As relações contratuais geram incansáveis discussões, tanto nas negociações preliminares quanto na execução dos contratos, por isso, a boa-fé objetiva é fator fundamental de interpretação. Assim, avalia–se sob a batuta da boa-fé objetiva tanto a responsabilidade pré-contratual, como a responsabilidade contratual e a pós-contratual.
Boa-fé significa, portanto, a ação refletida que visa não apenas o seu próprio bem, mas o bem do parceiro contratual, permitindo, assim, um equilíbrio que foi estipulado no contrato. Essa relação deve ser conduzida pela virtude. Significa respeitar as expectativas razoáveis do parceiro, agir com lealdade, não causar lesão ou desvantagem e cooperar para atingir o bem das obrigações.
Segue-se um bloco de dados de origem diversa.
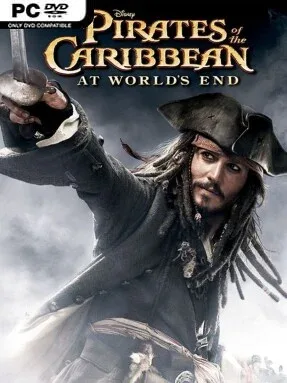 Disney Pirates of the Caribbean: At Worlds End Cover Art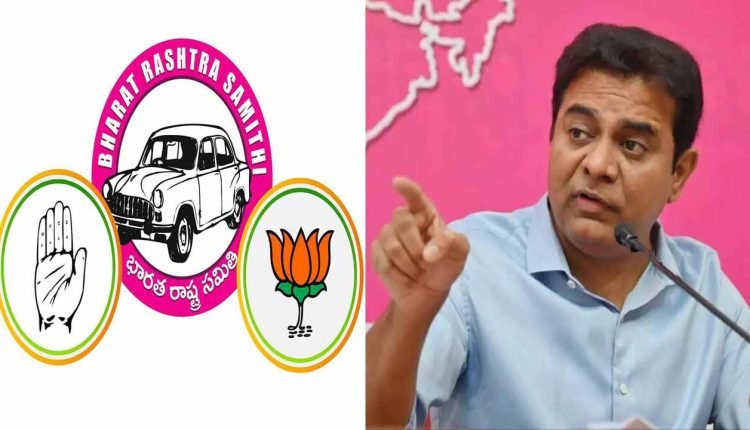 BRS, BJP And Congress, Whom Do You Want: KTR To Farmers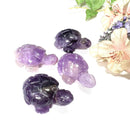 Turtle in Amethyst (Stress Relief)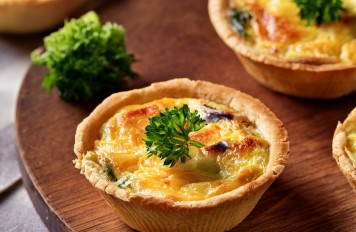 Ambachtelijke quiche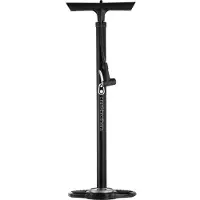 Crankbrothers Sapphire Voetpomp (Max 160 psi / 11 bar) Black Midnight Edition
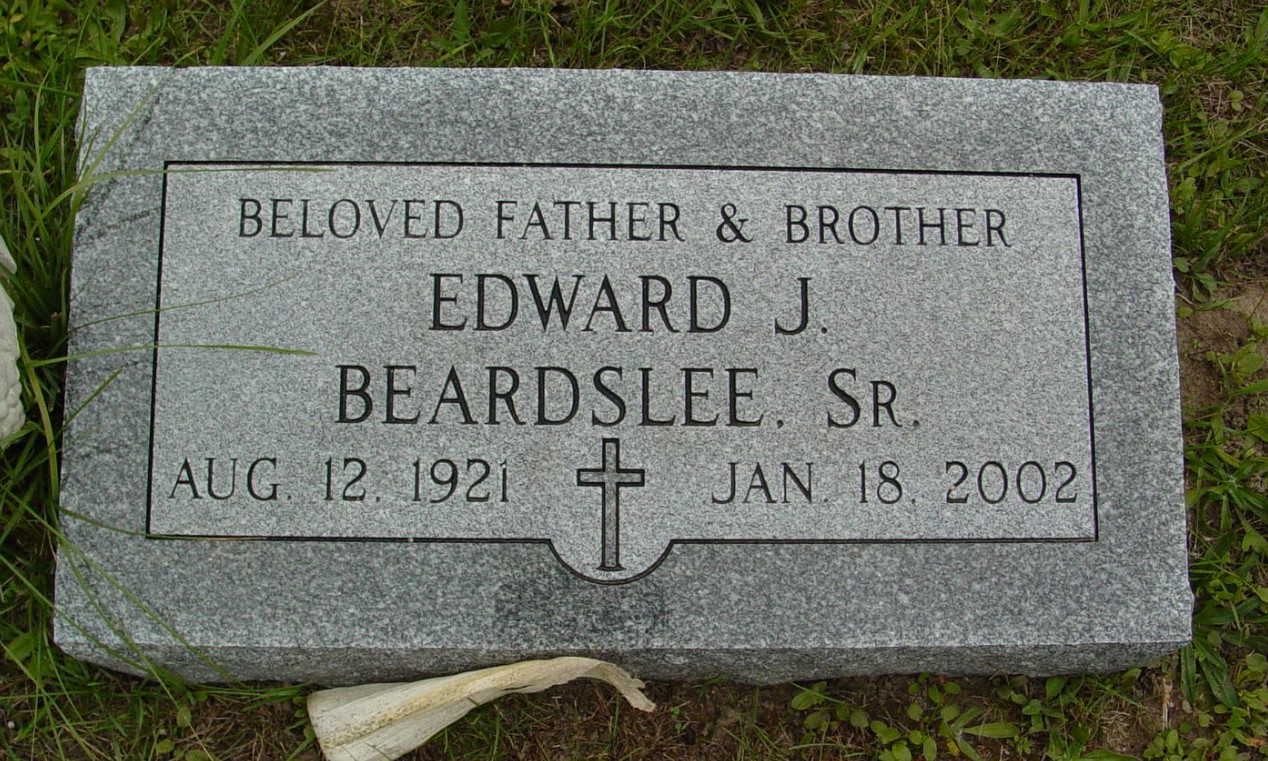 Portrait of Edward J. Beardslee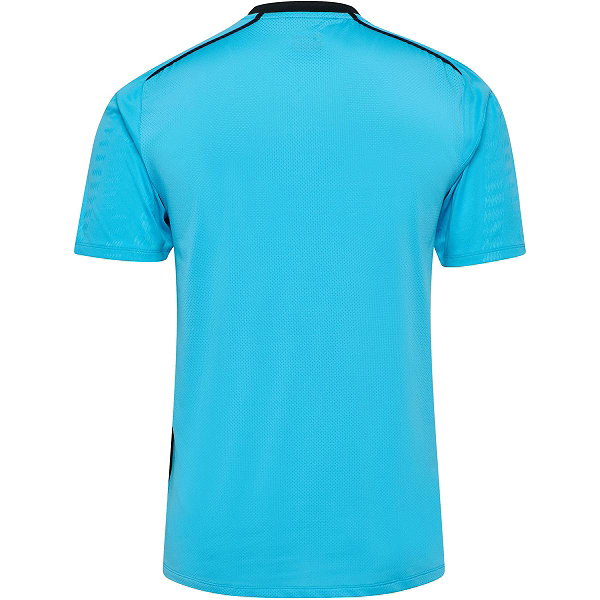 Hummel Schiedsrichter Trikot Ka Herren - Fluor Turquoise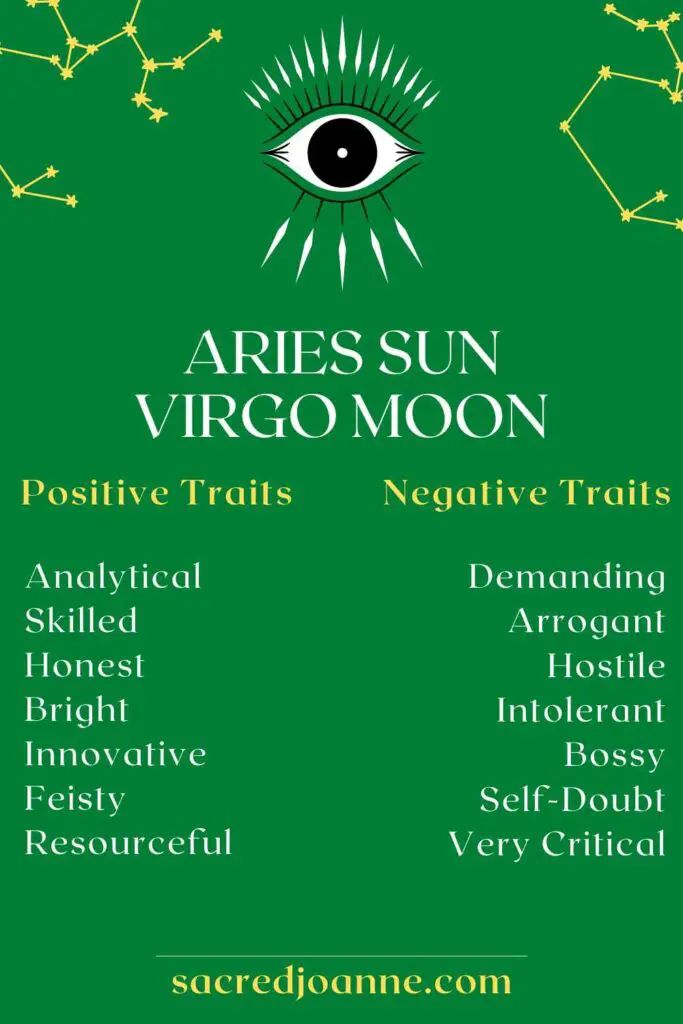 aries sun virgo moon virgo ascending, A Creative Energy Flow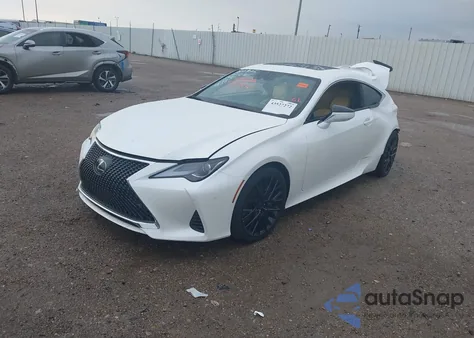 2019 Lexus Rc 350 from USA, damaged, VIN JTHHZ5BC2K5019652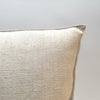 vintage linen pillow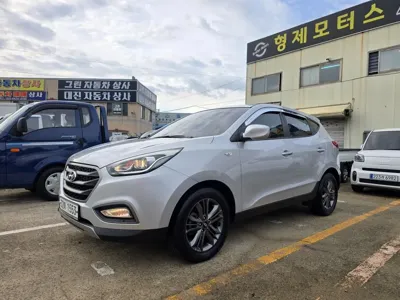 Hyundai Tucson · 2015 год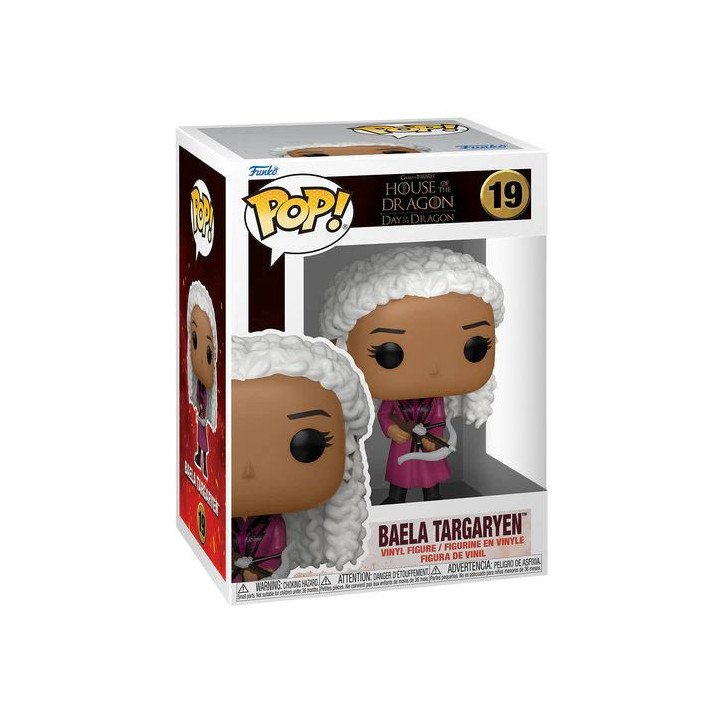 GAME OF THRONES - HOUSE OF THE DRAGON - VINYL FIGURE POP! N° 19 - BAELA TARGARYEN
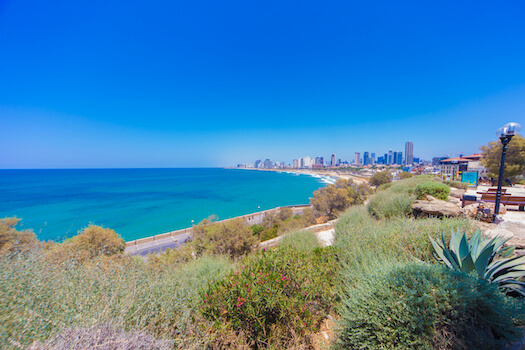 israel tel aviv plage beach mer monplanvoyage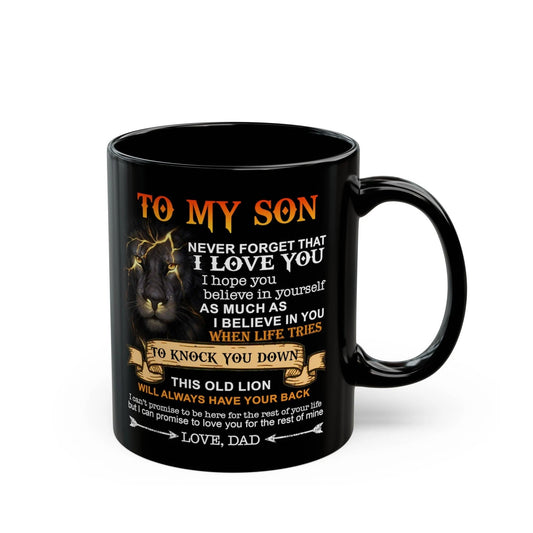 TO SON MUG 01 - GIFT FROM DAD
É nesse sentido que o princípio da boa-fé se revela como fonte de novos deveres ou obrigações, os denominados deveres de conduta, tais como: os deveres de esclarecimentos, que acontecem sobre a obrigação de prestar todas as informações que são necessárias; os deveres de proteção, que são sobre a obrigação de evitar danos; deveres de lealdade, sobre a obrigação de comportar-se com lealdade e evitar desequilíbrios; e os deveres de transparência, que incidem sobre a obrigação na publicidade e marketing, para prestar boa, clara e correta informação.
“A boa-fé se constitui numa fonte autônoma de deveres, independentemente da vontade, e, por isso, a extensão e o conteúdo da relação obrigacional já não se medem somente nela e sim, pelas circunstâncias ou fatos referentes ao contrato, permitindo-se construir objetivamente as regras do negócio jurídico com a admissão de um dinamismo que escapa ao controle das partes. A boa-fé significa a aceitação da interferência de elementos externos na intimidade da relação obrigacional, com poder limitador da autonomia contratual. O princípio da boa-fé significa que todos devem guardar fidelidade à palavra dada e não frustrar ou abusar da confiança que constitui a base imprescindível das relações humanas pois, ocupação que se pratica com o que se espera que faça a qualquer pessoa que participe, sendo honesta e corretamente do tráfego jurídico”. (Ruy Rosado Aguiar Junior, Extinção dos contratos por incumprimento do devedor, p. 238)
Como se vê, a boa-fé não constitui um imperativo ético abstrato, mas sim uma norma que condiciona e legitima toda a experiência jurídica, desde a interpretação dos mandamentos legais e das cláusulas contratuais até as suas últimas consequências. Daí a necessidade de ser ela analisada como conditio sine qua non da realização da justiça ao longo da aplicação dos dispositivos emanados das fontes do direito, legislativa, consuetudinária, jurisdicional e de negócio.
Em primeiro lugar, importa registrar que a boa-fé apresenta dupla faceta, a objetiva e a subjetiva. Esta última, vigorante em matéria de direitos reais e casamento putativo, corresponde fundamentalmente, a uma atitude psicológica, isto é, uma decisão da vontade, denotando o convencimento individual da parte de realizar em conformidade com o direito.
Já a boa-fé objetiva apresenta-se como uma exigência de lealdade, modelo objetivo de conduta, arquétipo social pelo qual impõe o poder-dever que cada pessoa ajuste a própria conduta a esse arquétipo, obrando como obraria uma pessoa honesta e leal. Tal conduta impõe diretrizes ao agir no tráfico negocial, devendo-se ter em conta, como lembra Judith Martins Costa, “a consideração para com os interesses do alter, visto como membro do conjunto social que é juridicamente tutelado”.
Desse ponto de vista, podemos afirmar que a boa-fé objetiva se qualifica como normativa de comportamento leal. A conduta, segundo a boa-fé objetiva, é assim entendida como noção sinônima de “honestidade pública”.
Assim, a interpretação das leis e dos contratos não deve ser feita in abstrato, mas sim in concreto. Isto é, em função de sua função social.